# Mnemonic wird nicht angezeigt



## Bartleby (16. Sep 2008)

Hallo,

ich habe ein kleines Problem. In meiner Anwendung werden die Buchstaben, denen ein Mnemonic zugeordnet ist, standardmäßig nicht unterstrichen dargestellt. Auf einem anderen Rechner funktioniert es merkwürdigerweise aber einwandfrei.
Um dem Problem auf den Grund zu gehen, habe ich ein Mini-Test-Programm geschrieben, welches bei mir ebenfalls den Fehler zeigt, auf dem anderen Rechner aber einwandfrei funktioniert. Allerdings habe ich absolut keine Ahnung, was der Grund dafür ist. Beide Rechner laufen mit Windows XP, getestet mit Java 5 und 6 - immer wieder das gleiche Phänomen.

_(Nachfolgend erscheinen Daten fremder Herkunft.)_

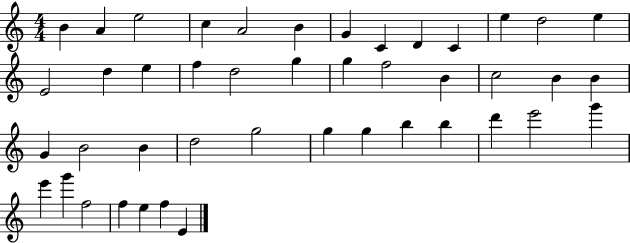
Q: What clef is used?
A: treble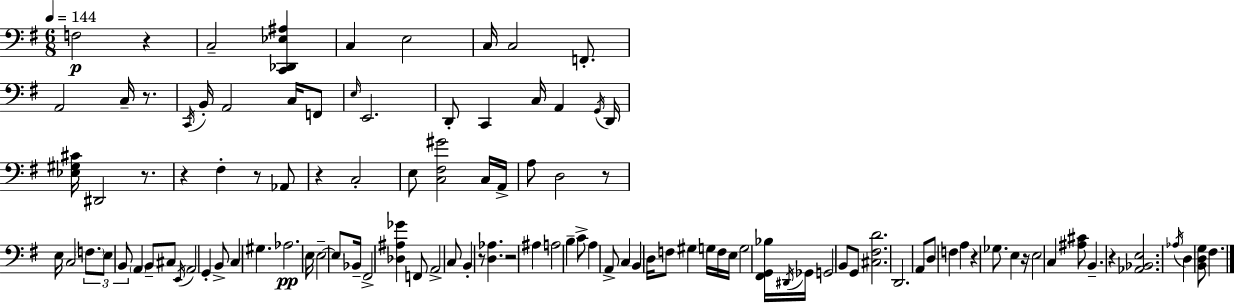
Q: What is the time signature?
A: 6/8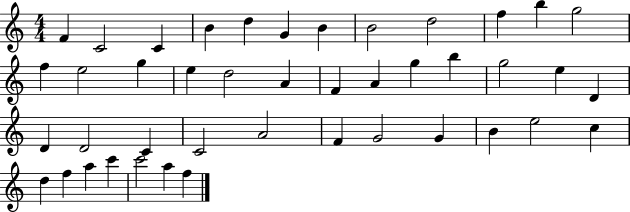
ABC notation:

X:1
T:Untitled
M:4/4
L:1/4
K:C
F C2 C B d G B B2 d2 f b g2 f e2 g e d2 A F A g b g2 e D D D2 C C2 A2 F G2 G B e2 c d f a c' c'2 a f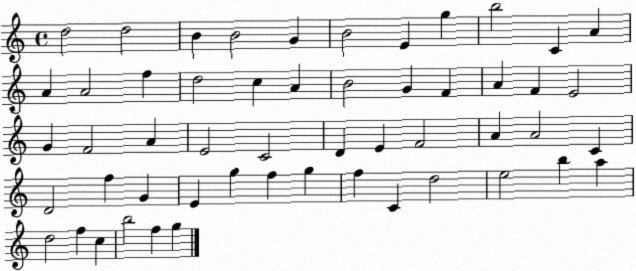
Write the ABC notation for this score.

X:1
T:Untitled
M:4/4
L:1/4
K:C
d2 d2 B B2 G B2 E g b2 C A A A2 f d2 c A B2 G F A F E2 G F2 A E2 C2 D E F2 A A2 C D2 f G E g f g f C d2 e2 b a d2 f c b2 f g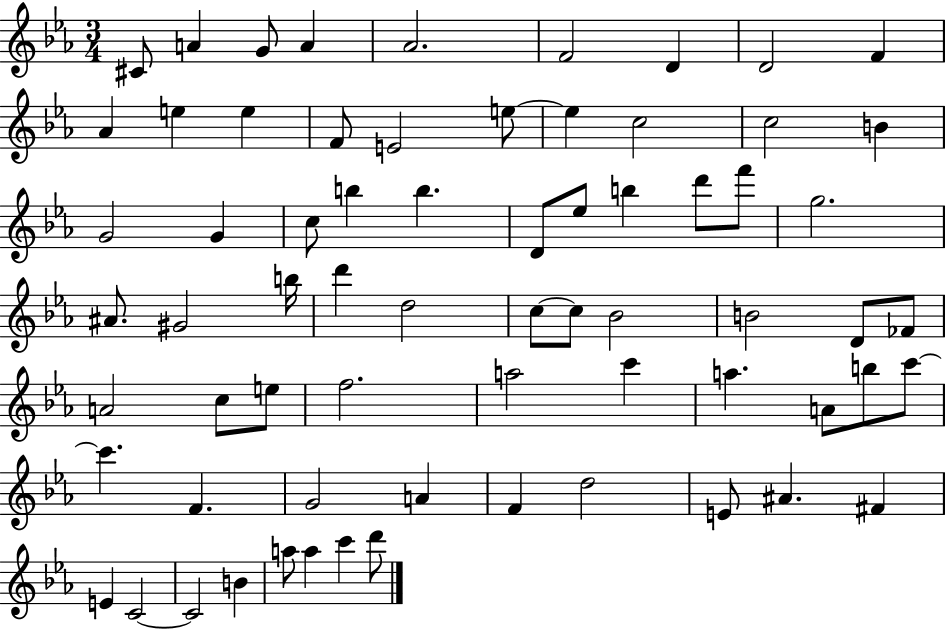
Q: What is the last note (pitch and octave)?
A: D6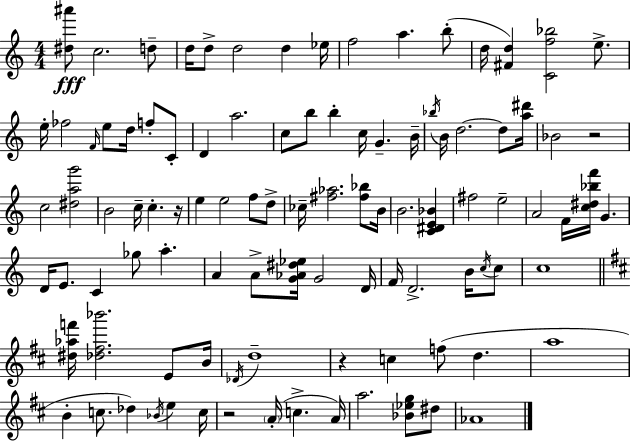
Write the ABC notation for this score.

X:1
T:Untitled
M:4/4
L:1/4
K:C
[^d^a']/2 c2 d/2 d/4 d/2 d2 d _e/4 f2 a b/2 d/4 [^Fd] [Cf_b]2 e/2 e/4 _f2 F/4 e/2 d/4 f/2 C/2 D a2 c/2 b/2 b c/4 G B/4 _b/4 B/4 d2 d/2 [a^d']/4 _B2 z2 c2 [^dag']2 B2 c/4 c z/4 e e2 f/2 d/2 _c/4 [^f_a]2 [^f_b]/2 B/4 B2 [C^DE_B] ^f2 e2 A2 F/4 [c^d_bf']/4 G D/4 E/2 C _g/2 a A A/2 [G_A^d_e]/4 G2 D/4 F/4 D2 B/4 c/4 c/2 c4 [^d_af']/4 [_d^f_b']2 E/2 B/4 _D/4 d4 z c f/2 d a4 B c/2 _d _B/4 e c/4 z2 A/4 c A/4 a2 [_B_eg]/2 ^d/2 _A4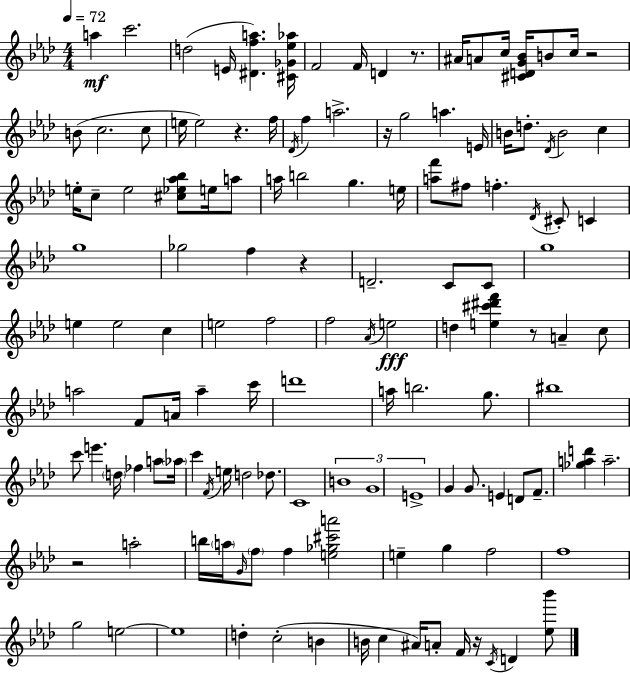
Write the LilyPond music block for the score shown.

{
  \clef treble
  \numericTimeSignature
  \time 4/4
  \key f \minor
  \tempo 4 = 72
  a''4\mf c'''2. | d''2( e'16 <dis' f'' a''>4.) <cis' ges' ees'' aes''>16 | f'2 f'16 d'4 r8. | ais'16 a'8 c''16 <cis' d' g' bes'>16 b'8 c''16 r2 | \break b'8( c''2. c''8 | e''16 e''2) r4. f''16 | \acciaccatura { des'16 } f''4 a''2.-> | r16 g''2 a''4. | \break e'16 b'16 d''8.-. \acciaccatura { des'16 } b'2 c''4 | e''16-. c''8-- e''2 <cis'' ees'' aes'' bes''>8 e''16 | a''8 a''16 b''2 g''4. | e''16 <a'' f'''>8 fis''8 f''4.-. \acciaccatura { des'16 } cis'8-. c'4 | \break g''1 | ges''2 f''4 r4 | d'2.-- c'8 | c'8 g''1 | \break e''4 e''2 c''4 | e''2 f''2 | f''2 \acciaccatura { aes'16 }\fff e''2 | d''4 <e'' cis''' dis''' f'''>4 r8 a'4-- | \break c''8 a''2 f'8 a'16 a''4-- | c'''16 d'''1 | a''16 b''2. | g''8. bis''1 | \break c'''8 e'''4. \parenthesize d''16 fes''4 | a''8 \parenthesize aes''16 c'''4 \acciaccatura { f'16 } e''16 d''2 | des''8. c'1 | \tuplet 3/2 { b'1 | \break g'1 | e'1-> } | g'4 g'8. e'4 | d'8 f'8.-- <ges'' a'' d'''>4 a''2.-- | \break r2 a''2-. | b''16 \parenthesize a''16 \grace { g'16 } \parenthesize f''8 f''4 <e'' ges'' cis''' a'''>2 | e''4-- g''4 f''2 | f''1 | \break g''2 e''2~~ | e''1 | d''4-. c''2-.( | b'4 b'16 c''4 ais'16) a'8-. f'16 r16 | \break \acciaccatura { c'16 } d'4 <ees'' bes'''>8 \bar "|."
}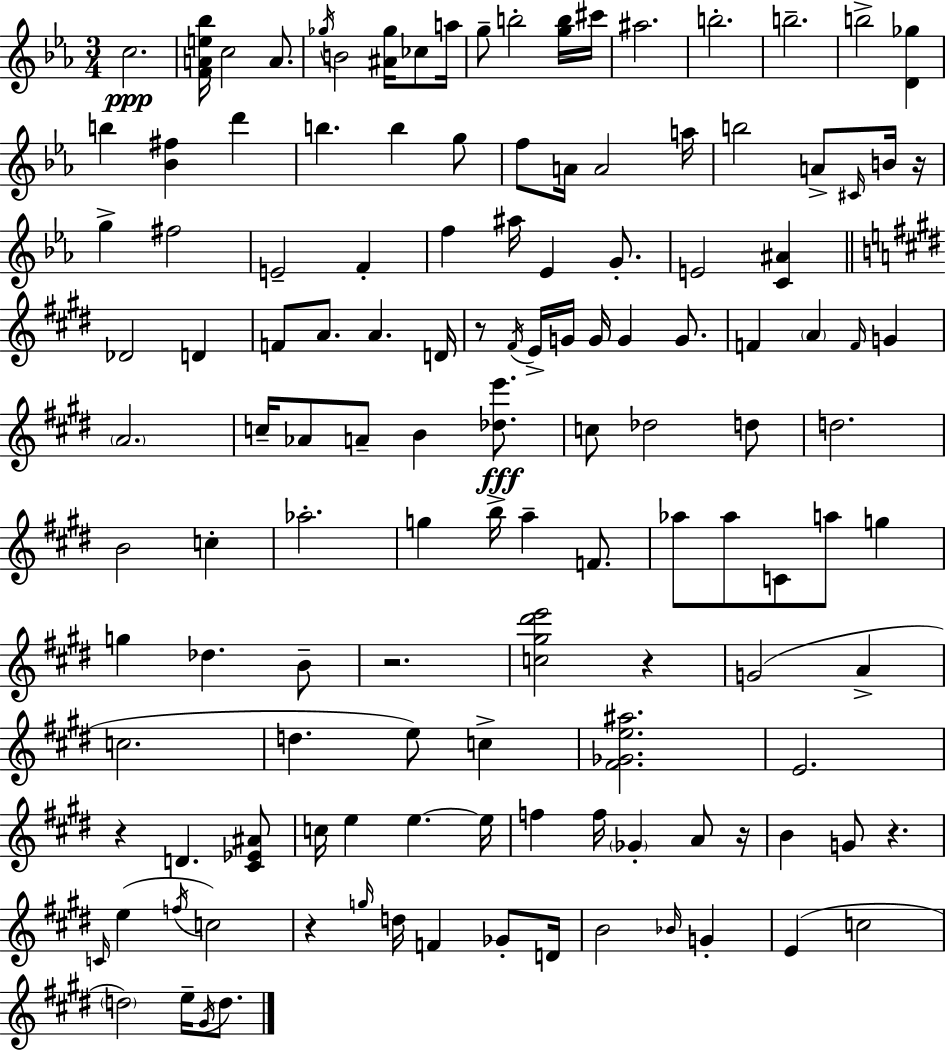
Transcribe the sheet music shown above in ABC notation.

X:1
T:Untitled
M:3/4
L:1/4
K:Eb
c2 [FAe_b]/4 c2 A/2 _g/4 B2 [^A_g]/4 _c/2 a/4 g/2 b2 [gb]/4 ^c'/4 ^a2 b2 b2 b2 [D_g] b [_B^f] d' b b g/2 f/2 A/4 A2 a/4 b2 A/2 ^C/4 B/4 z/4 g ^f2 E2 F f ^a/4 _E G/2 E2 [C^A] _D2 D F/2 A/2 A D/4 z/2 ^F/4 E/4 G/4 G/4 G G/2 F A F/4 G A2 c/4 _A/2 A/2 B [_de']/2 c/2 _d2 d/2 d2 B2 c _a2 g b/4 a F/2 _a/2 _a/2 C/2 a/2 g g _d B/2 z2 [c^g^d'e']2 z G2 A c2 d e/2 c [^F_Ge^a]2 E2 z D [^C_E^A]/2 c/4 e e e/4 f f/4 _G A/2 z/4 B G/2 z C/4 e f/4 c2 z g/4 d/4 F _G/2 D/4 B2 _B/4 G E c2 d2 e/4 ^G/4 d/2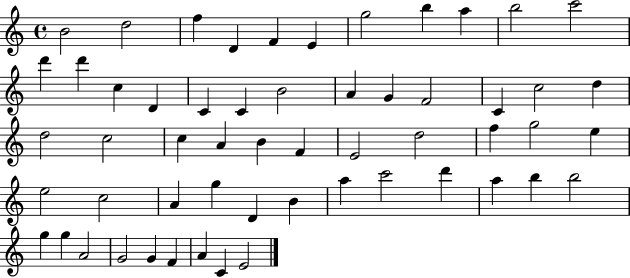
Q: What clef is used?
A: treble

Mein Test-Programm sieht folgendermaßen aus:


```
package test.button;

import java.awt.BorderLayout;
import java.awt.Dimension;

import javax.swing.JButton;
import javax.swing.JFrame;
import javax.swing.JPanel;
import javax.swing.UIManager;

import com.sun.java.swing.plaf.windows.WindowsLookAndFeel;

public class TestButton extends JPanel {
	
	private static JFrame    frame;
	private static TestButton  testButton;
	private static JPanel panel;
	

	public static void main(String[] args) throws Exception {
		
      frame = new JFrame("Test Button");
      frame.setBounds(20,20,500,300);
      frame.setDefaultCloseOperation( JFrame.EXIT_ON_CLOSE );
          
      testButton = new TestButton();
      panel = new JPanel(new BorderLayout());
      panel.add(testButton, BorderLayout.CENTER);
      
      frame.setContentPane   (panel);
      frame.setVisible       (true);
	}
	
	private TestButton() throws Exception {
		UIManager.setLookAndFeel(new WindowsLookAndFeel());
//		UIManager.put("Button.showMnemonics", true);
		
		JButton button1 = new JButton("Test");
		button1.setPreferredSize(new Dimension(100,50));
		button1.setMnemonic((int)'e');
		
		add(button1);
	}
}
```

Überschreibe ich den Wert des UIManagers in Zeile 37, werden auch bei mir auf dem Rechner die Buchstaben unterstrichen, ansonsten nicht.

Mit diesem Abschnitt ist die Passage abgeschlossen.